Several days after the 1997 shooting, the late Jordanian King Hussein arrived in Israel for an unprecedented consolatory visit and together with Prime Minister Benjamin Netanyahu met with the bereaved families.
Jordanian king visits wounded in hospital (Photo: Yedioth Aharonoth archives)
"Your daughter is like my own. Your pain is mine," the monarch said to one of the families as he knelt in their living room.
He later visited one girl who was wounded in the attack in the Hadassah Hospital in Jerusalem. "I'm very sorry for what happened," the king told her, and gave her a gift – a hamsa.
Following the shooting, the soldier's testimony to his interrogators was released by Yedioth Ahronoth. "I don't know what happened to me," he said.
"I lost control and acted." The shooter, who claimed his actions were not prompted by anyone but himself, was sentenced to life in prison.
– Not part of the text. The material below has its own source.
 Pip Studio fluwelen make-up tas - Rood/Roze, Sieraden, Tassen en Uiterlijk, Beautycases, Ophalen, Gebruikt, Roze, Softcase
Hussein Mjali, Jordan's former justice minister, previously referred to the imprisoned soldier as a "hero," and added that "if a Jew killed Arabs they would have built a monument in his honor."
Chairman of the Almagor Terror Victims Association Meir Indor stressed that "The Israeli government and the Knesset must exhibit determination regarding his pardoning, and must do so before Memorial Day as a moral obligation.